Originally published May 5, 2008 at 12:00 AM | Page modified May 5, 2008 at 1:51 PM
With Yahoo deal's collapse, stymied Microsoft must find new online strategy
With its three-month pursuit of Yahoo at an end, Microsoft is back where it started: far behind Google, the undisputed online-advertising leader.
Seattle Times technology reporter
With its three-month pursuit of Yahoo at an end, Microsoft is back where it started: far behind Google, the undisputed online-advertising leader.
For several years, Microsoft has been striving for a bigger share of the billions of advertising dollars migrating online. Buying Yahoo would have gone a long way to making that happen, the company reasoned.
Now, after the companies could not agree on a purchase price, Microsoft has to chart a different course.
Chief Executive Steve Ballmer, in an e-mail to employees Saturday explaining his decision to withdraw the offer to buy Yahoo, said Microsoft has a strategy in place.
"Although the acquisition of Yahoo would have accelerated our ability to deliver on our strategy in advertising and online services, I remain confident that we can achieve our goals without Yahoo," Ballmer wrote.
But some analysts are looking for something new.
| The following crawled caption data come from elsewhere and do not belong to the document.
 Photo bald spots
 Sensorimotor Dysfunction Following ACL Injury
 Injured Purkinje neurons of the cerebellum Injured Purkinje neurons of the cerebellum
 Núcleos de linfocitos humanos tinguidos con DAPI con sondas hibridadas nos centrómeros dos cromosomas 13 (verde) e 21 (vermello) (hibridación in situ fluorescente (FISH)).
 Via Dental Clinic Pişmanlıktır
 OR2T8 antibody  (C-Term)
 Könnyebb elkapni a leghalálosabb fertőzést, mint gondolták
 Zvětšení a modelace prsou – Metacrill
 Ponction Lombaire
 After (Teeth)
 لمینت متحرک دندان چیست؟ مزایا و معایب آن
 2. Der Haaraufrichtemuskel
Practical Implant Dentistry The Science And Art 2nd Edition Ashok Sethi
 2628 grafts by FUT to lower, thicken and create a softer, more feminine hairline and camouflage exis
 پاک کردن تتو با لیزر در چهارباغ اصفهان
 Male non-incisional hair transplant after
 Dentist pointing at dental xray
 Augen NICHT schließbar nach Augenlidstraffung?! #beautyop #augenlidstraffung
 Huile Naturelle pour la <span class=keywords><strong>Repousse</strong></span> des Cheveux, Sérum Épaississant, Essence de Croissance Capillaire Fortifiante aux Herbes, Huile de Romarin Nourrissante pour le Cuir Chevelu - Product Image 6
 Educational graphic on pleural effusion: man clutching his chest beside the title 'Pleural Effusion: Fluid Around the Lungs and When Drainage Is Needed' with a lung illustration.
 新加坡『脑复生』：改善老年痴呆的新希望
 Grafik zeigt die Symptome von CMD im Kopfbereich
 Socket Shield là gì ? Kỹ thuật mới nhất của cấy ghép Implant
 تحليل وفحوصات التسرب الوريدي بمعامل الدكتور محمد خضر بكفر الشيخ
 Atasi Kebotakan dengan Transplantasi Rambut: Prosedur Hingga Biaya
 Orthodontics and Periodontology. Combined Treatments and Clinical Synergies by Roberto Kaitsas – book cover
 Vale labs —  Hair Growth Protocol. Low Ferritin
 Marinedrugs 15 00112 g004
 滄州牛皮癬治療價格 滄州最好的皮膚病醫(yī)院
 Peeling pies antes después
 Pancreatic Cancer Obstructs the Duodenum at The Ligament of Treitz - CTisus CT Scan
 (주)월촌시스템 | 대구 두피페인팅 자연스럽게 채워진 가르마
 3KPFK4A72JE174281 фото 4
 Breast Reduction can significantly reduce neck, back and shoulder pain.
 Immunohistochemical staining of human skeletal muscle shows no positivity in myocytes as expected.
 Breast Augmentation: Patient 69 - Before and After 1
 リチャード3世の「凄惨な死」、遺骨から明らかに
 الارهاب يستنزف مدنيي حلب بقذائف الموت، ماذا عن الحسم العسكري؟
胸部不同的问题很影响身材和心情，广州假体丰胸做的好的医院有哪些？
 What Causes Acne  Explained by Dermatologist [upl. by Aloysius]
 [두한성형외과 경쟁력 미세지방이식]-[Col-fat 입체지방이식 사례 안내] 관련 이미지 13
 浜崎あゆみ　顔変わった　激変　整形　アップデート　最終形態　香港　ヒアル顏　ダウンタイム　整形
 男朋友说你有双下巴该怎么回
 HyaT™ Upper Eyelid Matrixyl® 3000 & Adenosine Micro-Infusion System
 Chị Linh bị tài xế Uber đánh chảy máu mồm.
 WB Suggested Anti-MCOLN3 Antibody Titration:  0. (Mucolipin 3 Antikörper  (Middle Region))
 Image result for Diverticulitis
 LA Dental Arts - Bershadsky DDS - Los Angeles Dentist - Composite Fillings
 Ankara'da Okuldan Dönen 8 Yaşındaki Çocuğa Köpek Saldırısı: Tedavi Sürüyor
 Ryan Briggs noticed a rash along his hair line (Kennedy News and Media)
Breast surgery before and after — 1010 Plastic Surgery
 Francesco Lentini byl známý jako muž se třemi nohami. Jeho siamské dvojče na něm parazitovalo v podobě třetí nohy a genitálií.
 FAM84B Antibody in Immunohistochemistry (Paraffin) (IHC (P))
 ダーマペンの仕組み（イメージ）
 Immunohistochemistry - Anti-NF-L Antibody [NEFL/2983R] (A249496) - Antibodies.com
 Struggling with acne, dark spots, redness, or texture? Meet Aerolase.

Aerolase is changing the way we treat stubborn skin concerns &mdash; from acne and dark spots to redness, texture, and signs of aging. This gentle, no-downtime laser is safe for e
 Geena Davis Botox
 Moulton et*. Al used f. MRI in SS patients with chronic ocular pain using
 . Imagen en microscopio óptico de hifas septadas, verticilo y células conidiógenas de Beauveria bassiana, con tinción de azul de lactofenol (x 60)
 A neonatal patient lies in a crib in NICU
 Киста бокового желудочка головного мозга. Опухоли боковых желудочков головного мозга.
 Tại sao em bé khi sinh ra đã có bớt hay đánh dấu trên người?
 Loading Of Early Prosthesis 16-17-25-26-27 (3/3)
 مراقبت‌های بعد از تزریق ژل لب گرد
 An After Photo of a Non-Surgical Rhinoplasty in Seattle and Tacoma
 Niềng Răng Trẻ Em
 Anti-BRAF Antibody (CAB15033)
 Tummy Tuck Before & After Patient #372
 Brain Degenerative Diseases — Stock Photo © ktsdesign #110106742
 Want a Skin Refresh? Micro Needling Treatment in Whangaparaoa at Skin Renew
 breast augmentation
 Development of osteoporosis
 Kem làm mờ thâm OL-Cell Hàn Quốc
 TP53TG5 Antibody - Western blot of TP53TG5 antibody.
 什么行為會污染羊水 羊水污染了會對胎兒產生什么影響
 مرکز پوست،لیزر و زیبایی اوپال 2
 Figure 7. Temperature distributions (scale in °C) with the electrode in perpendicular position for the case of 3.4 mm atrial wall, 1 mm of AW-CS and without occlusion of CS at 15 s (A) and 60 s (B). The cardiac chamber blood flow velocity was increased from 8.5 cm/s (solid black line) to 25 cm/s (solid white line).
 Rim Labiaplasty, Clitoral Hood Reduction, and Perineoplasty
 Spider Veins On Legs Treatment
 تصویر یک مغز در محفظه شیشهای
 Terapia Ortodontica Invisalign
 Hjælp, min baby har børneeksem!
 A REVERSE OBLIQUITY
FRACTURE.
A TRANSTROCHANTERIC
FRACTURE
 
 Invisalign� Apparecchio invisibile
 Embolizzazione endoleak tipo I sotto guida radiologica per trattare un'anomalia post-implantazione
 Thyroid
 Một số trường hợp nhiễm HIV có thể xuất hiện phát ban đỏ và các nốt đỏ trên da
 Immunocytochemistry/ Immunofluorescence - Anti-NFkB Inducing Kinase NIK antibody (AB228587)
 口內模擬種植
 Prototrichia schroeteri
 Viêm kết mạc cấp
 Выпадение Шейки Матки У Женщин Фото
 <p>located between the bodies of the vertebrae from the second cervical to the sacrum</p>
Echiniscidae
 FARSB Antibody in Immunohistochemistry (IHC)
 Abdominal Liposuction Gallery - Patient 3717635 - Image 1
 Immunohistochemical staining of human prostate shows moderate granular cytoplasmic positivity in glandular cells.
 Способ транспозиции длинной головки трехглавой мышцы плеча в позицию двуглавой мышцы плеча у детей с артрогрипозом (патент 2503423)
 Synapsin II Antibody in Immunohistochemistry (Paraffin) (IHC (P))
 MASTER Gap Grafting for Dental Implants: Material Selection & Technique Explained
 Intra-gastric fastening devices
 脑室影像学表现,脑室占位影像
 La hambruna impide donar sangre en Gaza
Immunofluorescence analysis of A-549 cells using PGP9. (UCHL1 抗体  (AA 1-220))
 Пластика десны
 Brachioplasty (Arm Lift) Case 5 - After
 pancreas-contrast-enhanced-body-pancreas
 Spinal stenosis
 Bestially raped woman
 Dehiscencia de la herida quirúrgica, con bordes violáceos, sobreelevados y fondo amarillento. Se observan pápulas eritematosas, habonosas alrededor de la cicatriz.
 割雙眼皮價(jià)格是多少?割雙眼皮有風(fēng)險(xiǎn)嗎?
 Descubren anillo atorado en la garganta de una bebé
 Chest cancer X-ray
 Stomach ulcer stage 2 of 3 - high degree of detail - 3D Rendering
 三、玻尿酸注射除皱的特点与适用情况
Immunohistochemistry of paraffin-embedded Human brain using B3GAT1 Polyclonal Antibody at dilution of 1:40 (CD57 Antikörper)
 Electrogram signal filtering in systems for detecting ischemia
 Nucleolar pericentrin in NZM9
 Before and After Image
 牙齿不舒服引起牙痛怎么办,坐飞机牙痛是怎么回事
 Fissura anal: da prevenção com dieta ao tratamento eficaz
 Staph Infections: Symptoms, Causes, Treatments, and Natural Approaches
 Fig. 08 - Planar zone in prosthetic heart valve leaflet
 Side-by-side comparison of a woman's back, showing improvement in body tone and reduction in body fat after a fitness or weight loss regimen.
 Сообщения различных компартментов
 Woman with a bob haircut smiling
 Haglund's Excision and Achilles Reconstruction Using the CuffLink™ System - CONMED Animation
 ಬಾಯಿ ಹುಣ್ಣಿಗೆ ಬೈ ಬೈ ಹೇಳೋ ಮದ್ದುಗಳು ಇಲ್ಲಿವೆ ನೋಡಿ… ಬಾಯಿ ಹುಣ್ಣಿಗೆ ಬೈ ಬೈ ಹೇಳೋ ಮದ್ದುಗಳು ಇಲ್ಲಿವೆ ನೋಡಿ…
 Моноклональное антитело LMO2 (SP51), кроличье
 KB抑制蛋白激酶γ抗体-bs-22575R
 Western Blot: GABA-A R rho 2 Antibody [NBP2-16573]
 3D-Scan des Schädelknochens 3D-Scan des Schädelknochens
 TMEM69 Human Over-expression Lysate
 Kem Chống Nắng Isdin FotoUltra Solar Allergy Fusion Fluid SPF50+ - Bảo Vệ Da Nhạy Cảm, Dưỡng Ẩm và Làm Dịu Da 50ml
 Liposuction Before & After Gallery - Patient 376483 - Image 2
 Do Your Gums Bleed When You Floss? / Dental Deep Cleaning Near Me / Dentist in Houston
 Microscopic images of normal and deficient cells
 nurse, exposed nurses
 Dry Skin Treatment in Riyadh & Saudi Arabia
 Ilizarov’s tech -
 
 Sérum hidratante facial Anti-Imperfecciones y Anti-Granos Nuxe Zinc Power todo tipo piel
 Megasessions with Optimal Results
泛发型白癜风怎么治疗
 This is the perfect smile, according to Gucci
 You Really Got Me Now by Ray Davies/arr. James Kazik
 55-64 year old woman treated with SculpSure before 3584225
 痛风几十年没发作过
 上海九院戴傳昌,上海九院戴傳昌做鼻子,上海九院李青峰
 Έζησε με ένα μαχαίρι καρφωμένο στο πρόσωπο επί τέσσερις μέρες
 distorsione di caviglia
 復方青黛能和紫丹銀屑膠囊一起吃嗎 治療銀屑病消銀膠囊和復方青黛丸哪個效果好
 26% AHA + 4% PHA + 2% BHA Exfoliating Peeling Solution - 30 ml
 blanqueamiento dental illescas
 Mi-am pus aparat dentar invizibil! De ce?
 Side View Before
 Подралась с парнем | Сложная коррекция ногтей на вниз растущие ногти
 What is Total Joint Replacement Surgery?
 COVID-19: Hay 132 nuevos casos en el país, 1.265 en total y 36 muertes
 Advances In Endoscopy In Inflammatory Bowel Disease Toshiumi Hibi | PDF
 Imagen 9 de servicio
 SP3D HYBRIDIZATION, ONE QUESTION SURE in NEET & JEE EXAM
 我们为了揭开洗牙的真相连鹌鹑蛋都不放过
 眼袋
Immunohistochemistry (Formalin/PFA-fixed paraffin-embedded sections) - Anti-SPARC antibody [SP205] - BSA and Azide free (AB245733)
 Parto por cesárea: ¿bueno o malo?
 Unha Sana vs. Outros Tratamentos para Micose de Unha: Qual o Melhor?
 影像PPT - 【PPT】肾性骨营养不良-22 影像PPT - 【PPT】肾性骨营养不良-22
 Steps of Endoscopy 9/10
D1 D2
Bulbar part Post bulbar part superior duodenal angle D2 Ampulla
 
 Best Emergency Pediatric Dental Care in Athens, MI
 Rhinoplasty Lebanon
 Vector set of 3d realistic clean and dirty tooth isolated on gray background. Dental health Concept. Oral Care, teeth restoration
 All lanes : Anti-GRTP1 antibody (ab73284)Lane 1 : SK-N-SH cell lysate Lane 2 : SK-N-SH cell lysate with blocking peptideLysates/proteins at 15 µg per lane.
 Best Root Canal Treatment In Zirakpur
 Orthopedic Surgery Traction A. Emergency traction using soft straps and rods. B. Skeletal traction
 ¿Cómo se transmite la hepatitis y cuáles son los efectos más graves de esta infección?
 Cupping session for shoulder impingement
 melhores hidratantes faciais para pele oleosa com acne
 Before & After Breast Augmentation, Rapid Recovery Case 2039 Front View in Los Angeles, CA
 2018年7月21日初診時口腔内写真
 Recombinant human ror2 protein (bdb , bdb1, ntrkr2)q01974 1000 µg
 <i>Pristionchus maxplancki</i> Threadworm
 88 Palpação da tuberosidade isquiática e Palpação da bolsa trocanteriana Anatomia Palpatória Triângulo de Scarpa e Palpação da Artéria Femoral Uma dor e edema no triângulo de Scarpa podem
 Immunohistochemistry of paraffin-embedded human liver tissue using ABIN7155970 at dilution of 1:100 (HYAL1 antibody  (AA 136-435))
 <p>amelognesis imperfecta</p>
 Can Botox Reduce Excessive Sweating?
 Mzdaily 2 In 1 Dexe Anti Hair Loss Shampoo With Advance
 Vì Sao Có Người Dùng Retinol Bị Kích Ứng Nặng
"It's not OK to say, 'We're going back to Plan A,' " said Charlie Di Bona, a securities analyst with Sanford C. Bernstein. "They need to say something that's credible and different. That's not Plan B, since they just gave up on Plan B. So what's Plan C?"
While Microsoft may be back where it started, the landscape has shifted since it offered to empty its bank accounts to buy Yahoo for as much as $47.5 billion.
Microsoft's pursuit of the one-time Internet champion may have chased Yahoo into Google's arms for an online-advertising partnership.
Media giants Time Warner and News Corp. also saw their online properties, AOL and MySpace, respectively, raised in partnership and acquisition discussions.
Microsoft's main reason for buying Yahoo was, in essence, a shortcut to catch up with Google.
That's still the goal, Ballmer told employees.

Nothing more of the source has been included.